La Administración de Seguridad en el Transporte (TSA) modificó su política pública para permitir que los pasajeros transporten marihuana medicinal tanto en equipaje de mano como en equipaje facturado durante vuelos comerciales. Esta actualización aclara que, aunque la marihuana medicinal aparece como autorizada, las decisiones finales sobre su admisión quedan a criterio de los oficiales de seguridad en los puntos de control.

La TSA enfatizó que sus procedimientos de revisión están enfocados en la seguridad aeroportuaria y no en la aplicación de leyes antidrogas. Sin embargo, si durante el control de seguridad se detecta alguna sustancia ilegal o indicios de actividades criminales, el personal debe remitir el caso a las fuerzas del orden correspondientes. Esto ratifica que, pese a la flexibilización aparente, sigue vigente la normativa federal que rige en los aeropuertos.

La actualización de esta directriz, publicada en el sitio oficial de la TSA y revisada recientemente, responde a los cambios legislativos a nivel nacional sobre el uso y transporte de cannabis medicinal. No obstante, la norma establece instrucciones específicas para el manejo de estos productos y refuerza que no se trata de una autorización plena ni sin restricciones. La TSA mantiene la potestad para impedir el ingreso de cualquier objeto que considere una amenaza para la seguridad aérea.

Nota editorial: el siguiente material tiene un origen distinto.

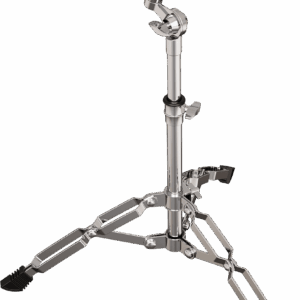 NUX DPS-1 Multipadständer für DP-2000 bei Musik-Dinge Wien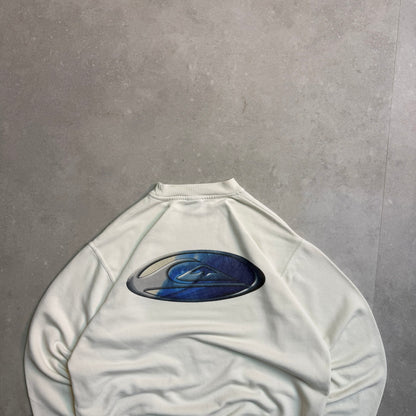90’s Quiksilver Sweatshirt (L)
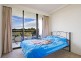 305/2 Marcus Clarke ST, Canberra ACT 2600
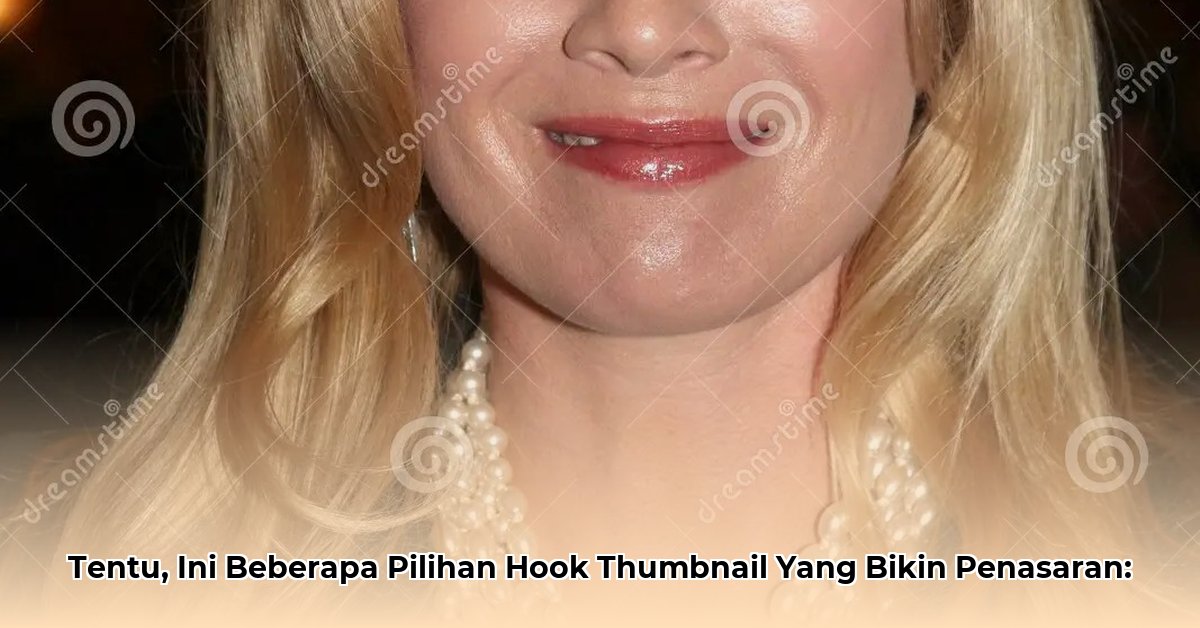 traci-braxton-husband-net-worth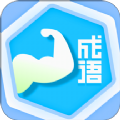 乐鱼全站网页版登录入口 v1.2.70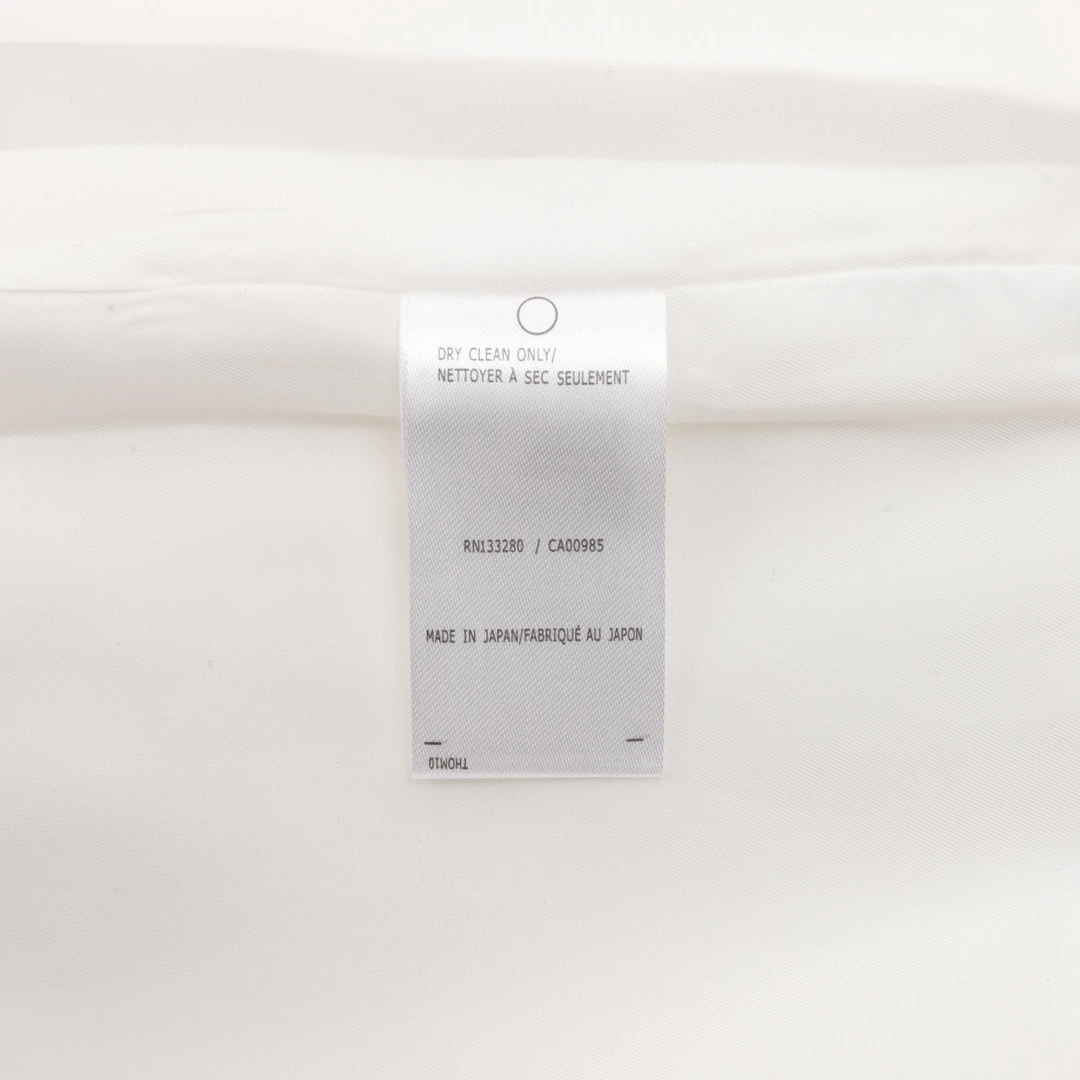 TB Topwear S-L 300202602035960_119 - Image 9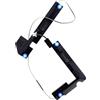 Deal4GO Gruppo altoparlante interno PK23000UKG0 PK23000UHY0 di ricambio per Lenovo Ideapad 3 15ITL6 15ALC6 15ADA6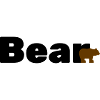 Bear Bär Gay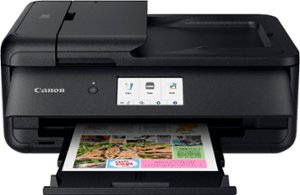 Photo Printers: Photo Quality Printer Options - Best Buy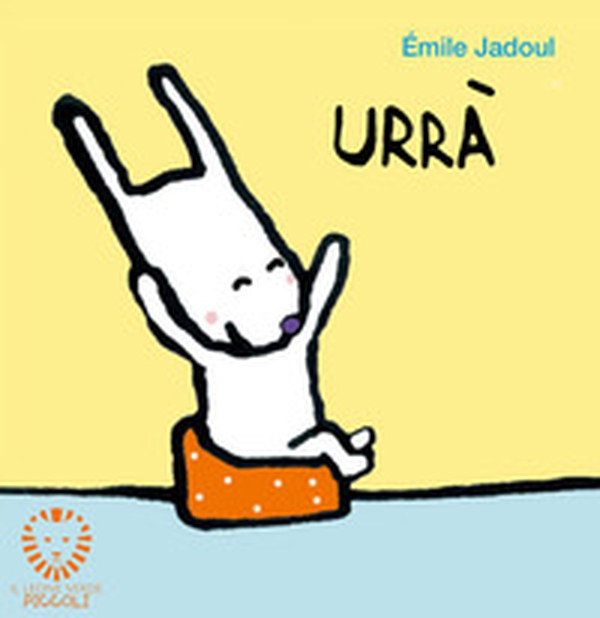 Urrà - Librerie.coop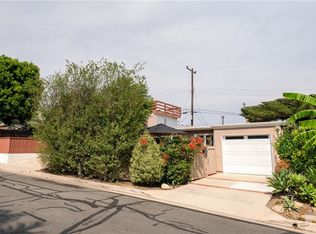 34056 Aurelio Dr, Dana Point, CA 92629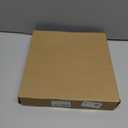 4 Pcs Fall Throw Pillow Covers 18x18, Autumn Decorations Soft Faux Fur Pillow Covers, Fluffy Plush Accent Pillow Cases for Harvest Thanksgiving Cushion Covers Sofa Home Decor(Pumpkin White)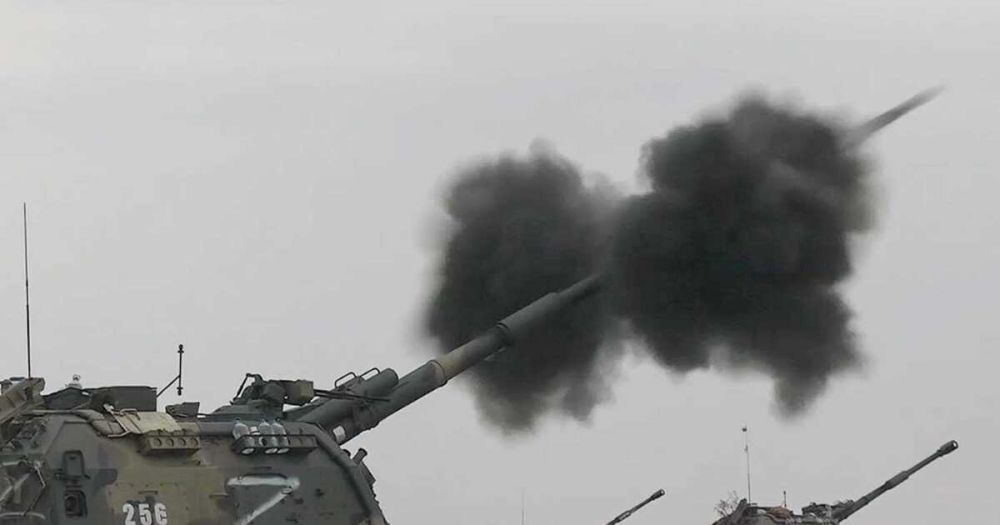 ���������� ������� ��� �������� ������ ���������� ����������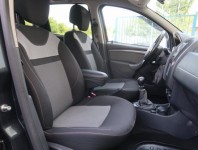 Dacia Duster  1.5 dCi Exception
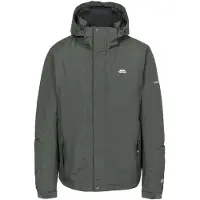 Trespass Donelly Tp75 Jacke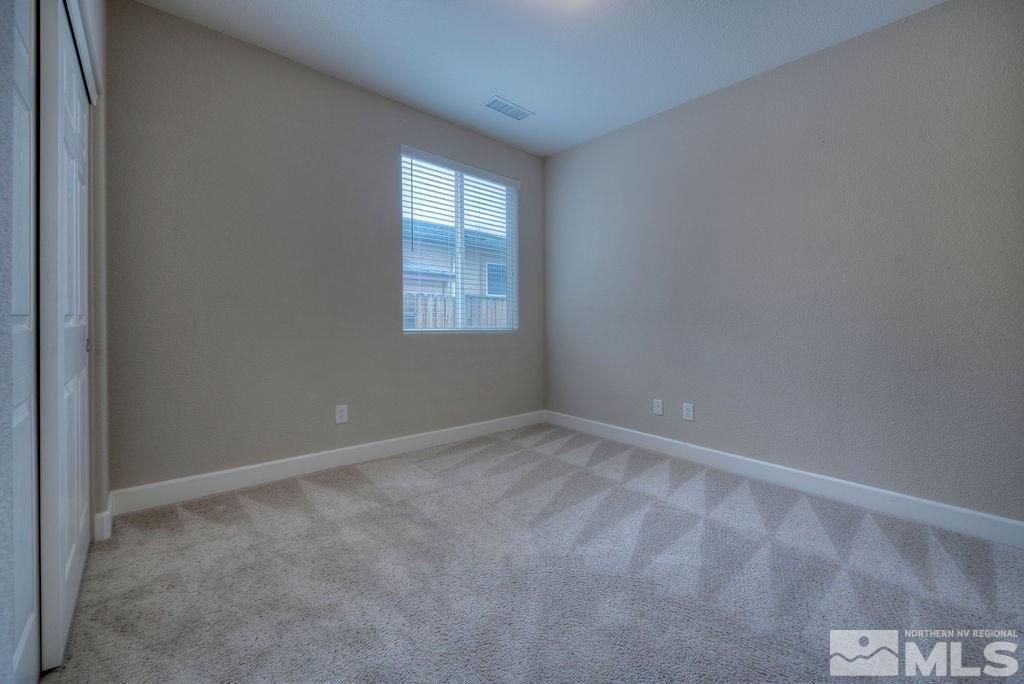 2075 Long Hollow Drive Reno, NV 89521 - Photo 19 of 24 Photo 20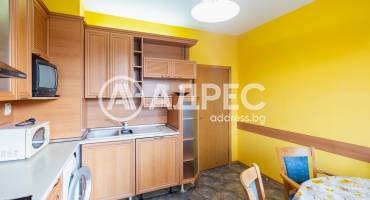 Тристаен апартамент, Варна, Базар "Левски", 677433, Снимка 7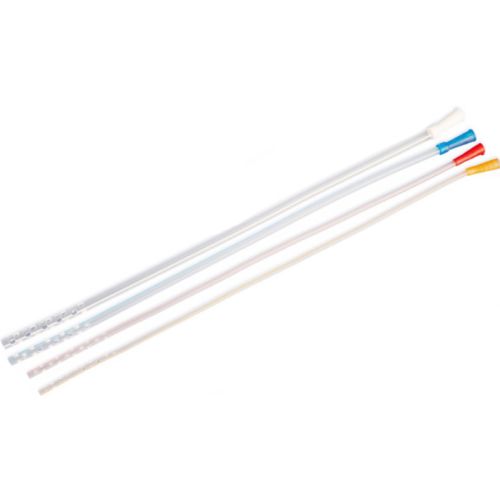 Катетер дренажный по Редону CH24 (8,0) с адаптером в городе Рахов : цены, характеристики.  - фото №1 Катетер дренажный по Редону CH24 (8,0) с адаптером в городе Рахов : цены, характеристики.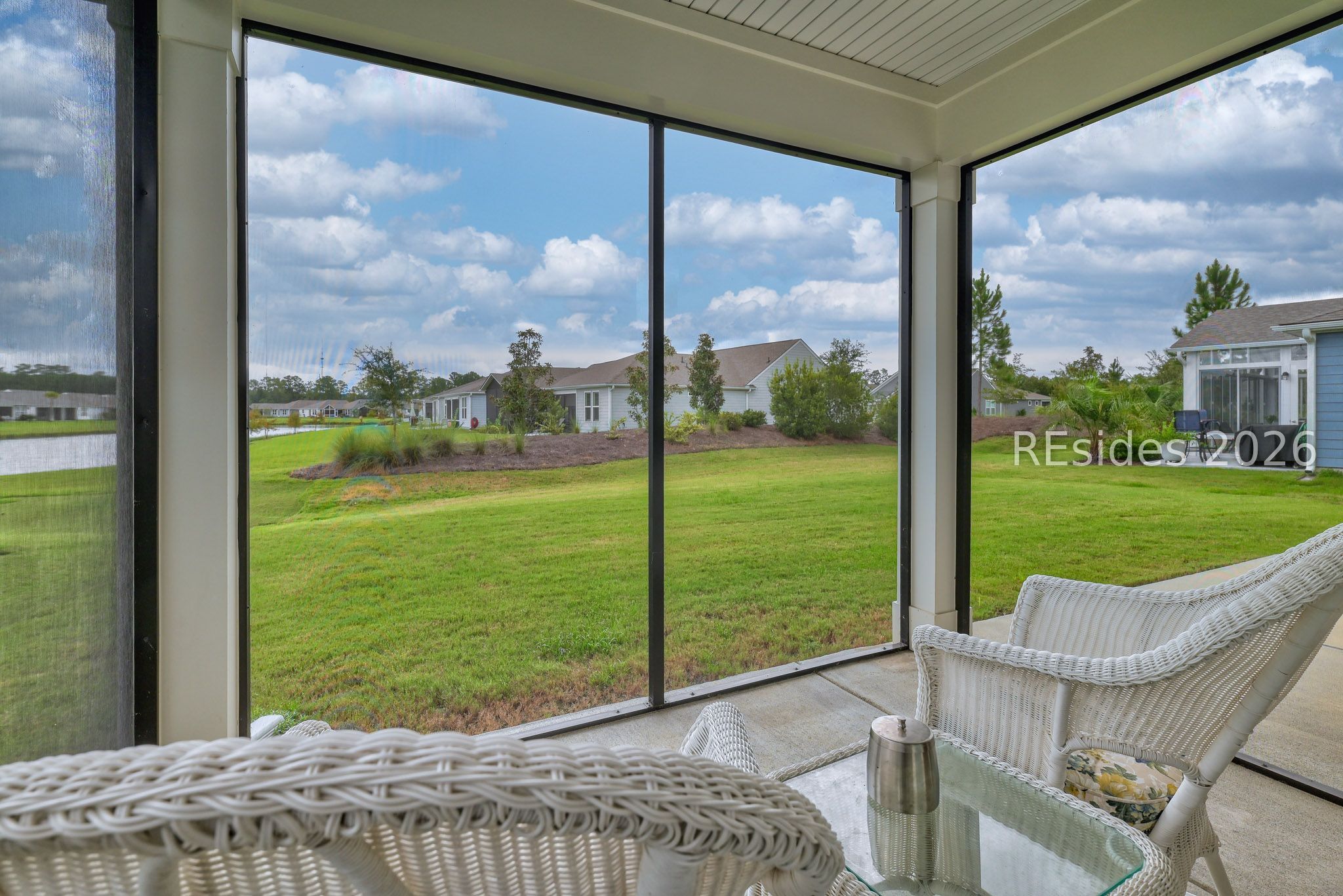 2106 Dreamscape Drive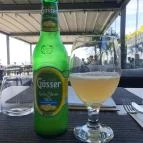 Tópart Hotel étterme Balatonvilágos - Egyéb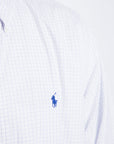 Ralph Lauren - Shirt (XL)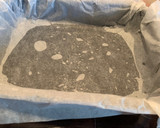Foto del paso 1 de la receta: Tarta mágica o pastel inteligente
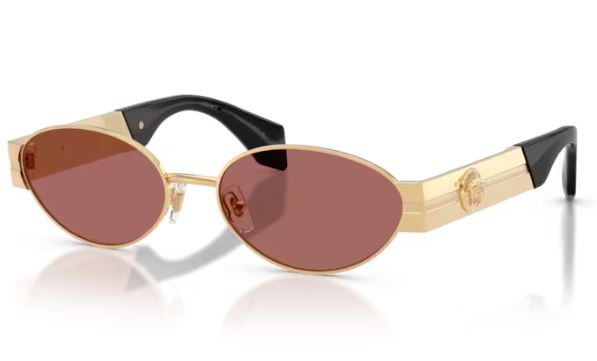 VERSACE VE2301 152369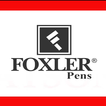 Foxler Pens Admin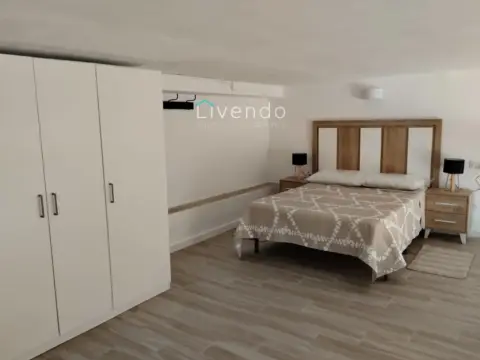 Piso en Alcalá de los Gazules
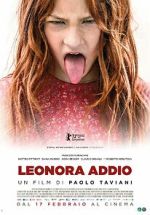 Watch Leonora addio Megashare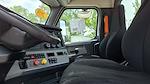 Used 2018 Freightliner Cascadia Detroit DD13 Semi Truck for sale #822611 - photo 7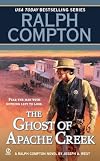 The Ghost of Apache Creek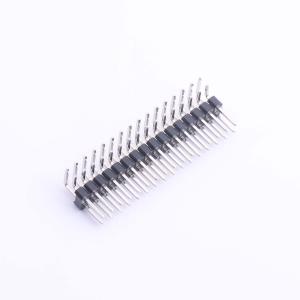 FG-PZ2.54-02-16PW商品缩略图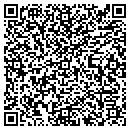 QR code with Kenneth Smith contacts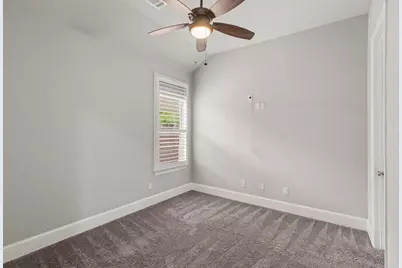 7415 Laguna Lake Drive, Spring, TX 77379 - Photo 25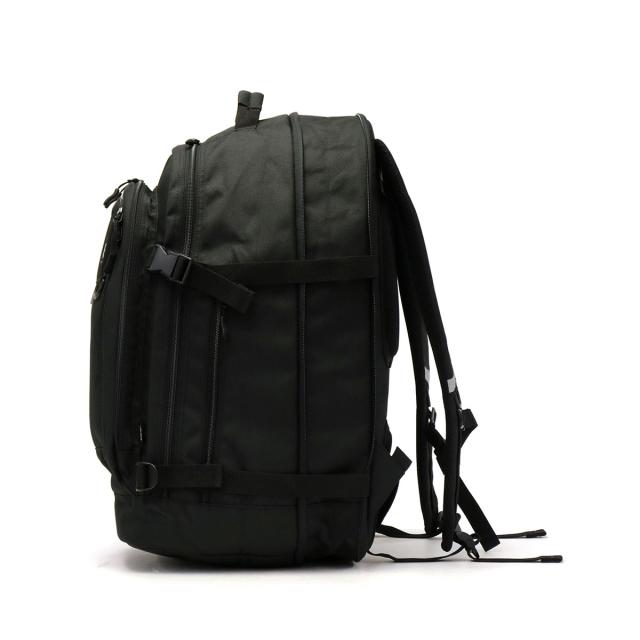 商品レビューで＋5％】Lee リュック 通学 LEE リー リュックサック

Los viajeros interesados en transportar marihuana medicinal deben estar atentos a las indicaciones particulares y a la posibilidad de que las autoridades aeroportuarias actúen conforme a la ley federal. Esto implica que, en caso de que el medicamento o sus derivados no cumplan con los requisitos establecidos, el pasajero podría enfrentar la retención del producto o intervenciones legales.

En resumen, la TSA ha dado un paso hacia una política más explícita y permisiva sobre la marihuana medicinal en vuelos, pero mantuvo el equilibrio entre facilitar el transporte legal y garantizar la seguridad nacional en el ámbito aeroportuario.